#### Material shown:
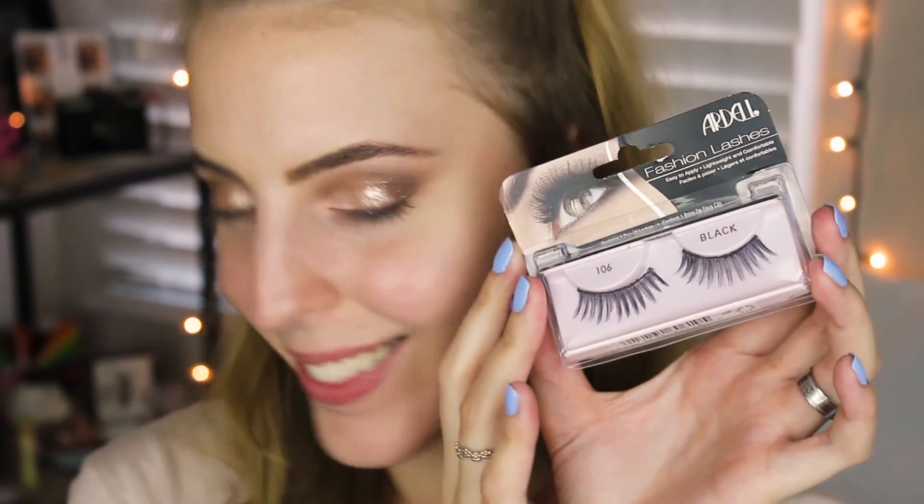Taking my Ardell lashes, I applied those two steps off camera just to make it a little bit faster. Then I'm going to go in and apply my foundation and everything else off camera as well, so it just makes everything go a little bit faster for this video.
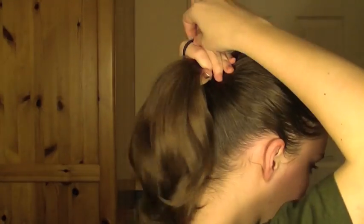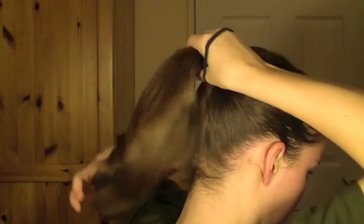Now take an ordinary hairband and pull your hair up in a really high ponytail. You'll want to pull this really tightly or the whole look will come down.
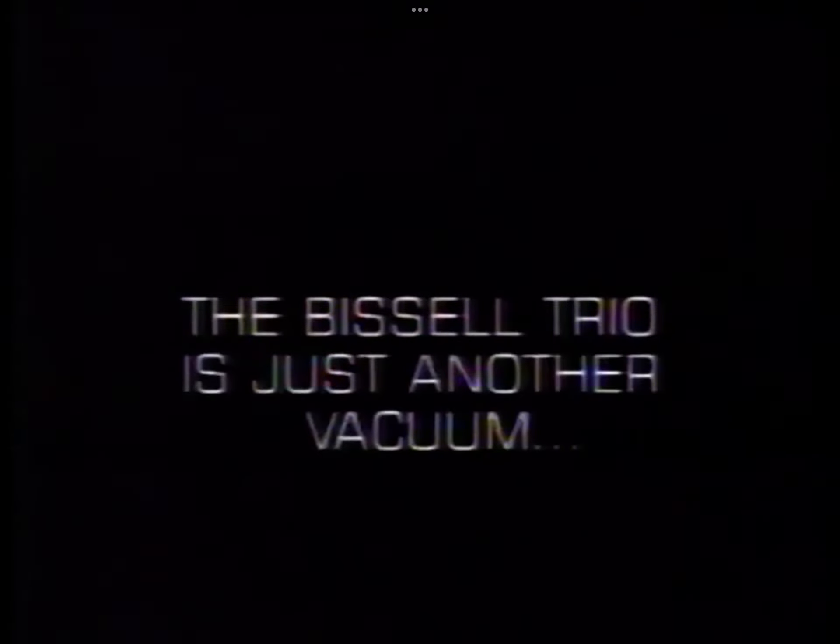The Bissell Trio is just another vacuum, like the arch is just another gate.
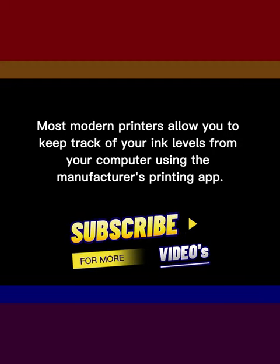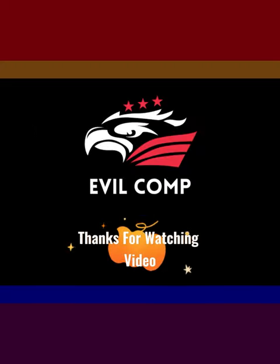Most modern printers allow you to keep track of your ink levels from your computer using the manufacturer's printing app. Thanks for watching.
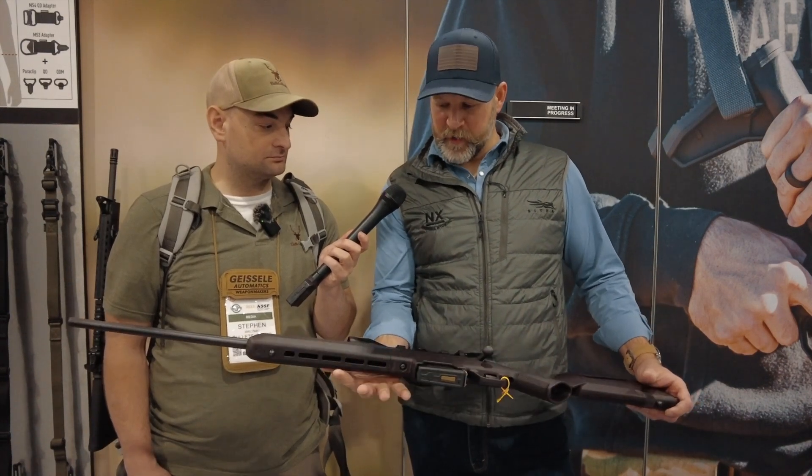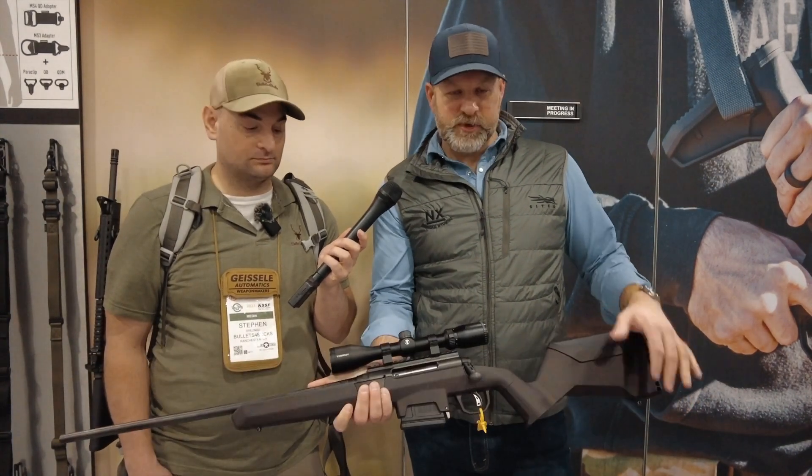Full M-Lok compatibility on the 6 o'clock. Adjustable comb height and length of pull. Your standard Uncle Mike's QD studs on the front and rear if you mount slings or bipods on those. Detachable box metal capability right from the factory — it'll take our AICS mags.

#### Problem description:
Would you output the full listing exactly as it stands, minus the images?

#### Response area:
Taking my Ardell lashes, I applied those two steps off camera just to make it a little bit faster. Then I'm going to go in and apply my foundation and everything else off camera as well, so it just makes everything go a little bit faster for this video.
Now take an ordinary hairband and pull your hair up in a really high ponytail. You'll want to pull this really tightly or the whole look will come down.
The Bissell Trio is just another vacuum, like the arch is just another gate.
Most modern printers allow you to keep track of your ink levels from your computer using the manufacturer's printing app. Thanks for watching.
Full M-Lok compatibility on the 6 o'clock. Adjustable comb height and length of pull. Your standard Uncle Mike's QD studs on the front and rear if you mount slings or bipods on those. Detachable box metal capability right from the factory — it'll take our AICS mags.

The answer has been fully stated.